The Open-Ended Working Group: The Debate Is Joined

  1. At the same session of the General Assem­bly that adopted the “Humanitarian Pledge” resolution, a further resolution entitled “Tak­ing forward multilateral nuclear disarmament negotiations” was passed by a wide margin. This resolution established an Open-Ended Working Group (OEWG) to “substantively ad­dress concrete effective legal measures, legal provisions and norms that will need to be con­cluded to attain and maintain a world without nuclear weapons.”[6] [7] Importantly, this OEWG, which would meet over three weeks in 2016, would operate under General Assembly rules of procedure that permit voting as opposed to the consensus rule that had paralyzed the Con­ference on Disarmament for so long. This pro­vision for outcomes that would be voted upon rather than subjected to consensus (and hence vulnerable to negation by any opposing state) was sufficient to lead the nuclear weapons states to boycott the process. Nuclear reliant states in the main opted to participate in the OEWG with a view to influencing the proceed­ings in a manner aligned with their preferences.
  2. Over the three sessions of the OEWG the nuclear reliant allies were noticeably active in contributing to the discussions. They submit­ted seven working papers to the OEWG, the most important of which was a paper entitled “A progressive approach to a world free of nu­clear weapons: revisiting the building blocks paradigm” sponsored by 17 non-NWS allies including Australia, Canada, Germany and Ja­pan. This paper dropped the discredited, to many, term “step-by-step” approach to dis­armament in favour of a “progressive” ap­proach that spoke of “identifying concrete and practical ‘building blocks’ to reach that shared goal” of a world free of nuclear weapons.8
  3. The paper argued the need to take into ac­count the prevailing international environment, which required “as an immediate priority the promotion of practical and effective confi­dence-building measures.”9 The paper enu­merates a lengthy list of such effective practical measures both in the legal and non-legal realms, while making it clear that the NPT re­mains the only authoritative legal agreement for nuclear matters and that any further legal arrangements for the prohibition of nuclear weapons among nuclear weapons possessing states would only be feasible as “the final building block.” As if to underscore this point, Canada and the Netherlands both submitted separate working papers essentially contesting the existence of any “legal gap” with respect to the prohibition and elimination of nuclear weapons (a central tenet of the “Humanitarian Pledge” enterprise).[8]
  4. The non-NWS allies were obliged to oper­ate as advocates of the NWS throughout the OEWG given the latter’s decision to boycott the proceedings. It is not clear to what extent the principal NWS attempted to direct the actions of the allied non-NWS during the OEWG. There was considerable speculation that Australia was acting as a proxy for the United States when on the last day of the session it called for a vote on the final report of the OEWG which had up to that point had been considered as an agreed text. While accurately incorporating the various proposals presented by delegations during the OEWG, the report’s primary rec­ommendation was for the General Assembly to convene in 2017 a conference to negotiate a legally binding instrument to prohibit nuclear weapons. The Australian manoeuvre, whatever its motivation, failed to derail the outcome as the report was adopted with 107 votes for and 22 against.[9] [10] [11] Momentum was building to trans­late aspiration into reality and the non-NWS allies were finding themselves fighting a futile rearguard action against the negotiation of a new treaty on the prohibition of nuclear weapons.
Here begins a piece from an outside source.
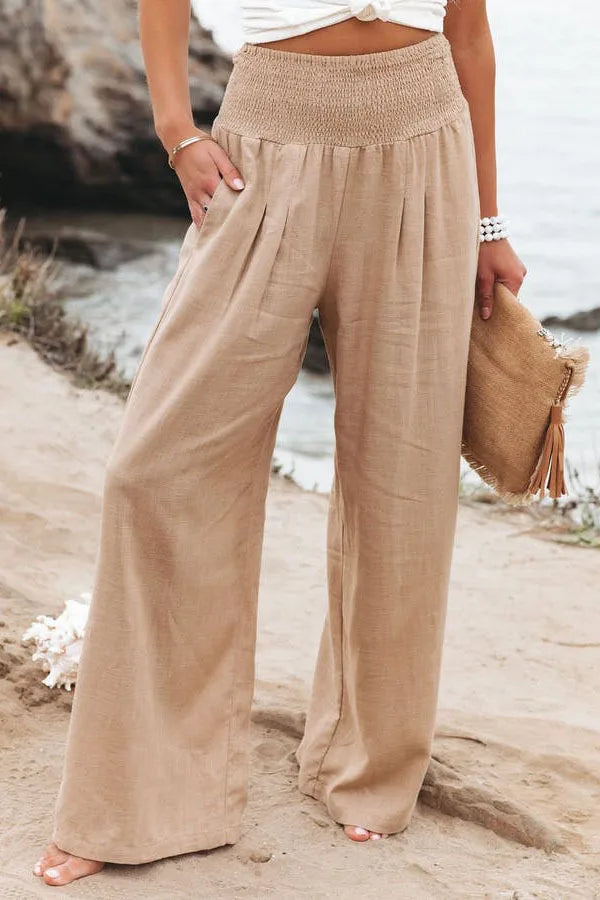 Pantalones casuales de mujer con cordón, cintura media, pierna ancha de playa, primavera y verano, pantalones europeos y americanos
The NWPT and the Impact of a New Reality

  1. With the conveyance of the OEWG report to the 2016 session of the General Assembly it was only a matter of time before a resolution was introduced to authorize the negotiation recommended in the report. The resolution provided for four weeks total of negotiation in March and June-July 2017 with a view to con­cluding “as soon as possible a legally binding instrument to prohibit nuclear weapons, lead­ing towards their total elimination.”12 Signifi­cantly, the negotiations were to be open to all states and would utilize General Assembly rules of procedure (thus avoiding the strictures of consensus decision making).
  2. The move to operationalize the negotiation elicited a hardening of the positions of the nu­clear reliant states. The resolution was adopted with 113 in favour, 35 opposed and 13 absten­tions: a marked increase in opposing votes from the 12 voting against the resolution es­tablishing the 2016 OEWG. The boycott tactics practised by the nuclear-armed states were now emulated by their nuclear dependents which, with the singular exception of the Netherlands, whose government had been mandated by its Parliament to attend, refused to participate in the negotiation sessions. Just in case there were any doubts as to where offi­cial Dutch sentiments lay, the Netherlands was the only country calling for a vote and then voting against the adoption of the NWPT, pro­viding further evidence for ban supporters of the wisdom of not adopting a consensus-based decision making procedure for the negotiations.
  3. Given the fact that these negotiations were part of a duly authorized UN process, the deci­sion of the umbrella sates not to attend tar­nished the public image of these non-NWS long considered as epitomes of good multilateralism. This was not merely a case of rejecting the out­come of a multilateral process deemed incom­patible with their national interests (which had been done in the past), but a deliberate effort at delegitimizing the very negotiation and its expected product. 13 This overt shunning of the negotiation came with a cost: the lack of any opportunity to influence the negotiations in a direction more aligned with the interests of the non-NWS supporters of the “progressive ap­proach.”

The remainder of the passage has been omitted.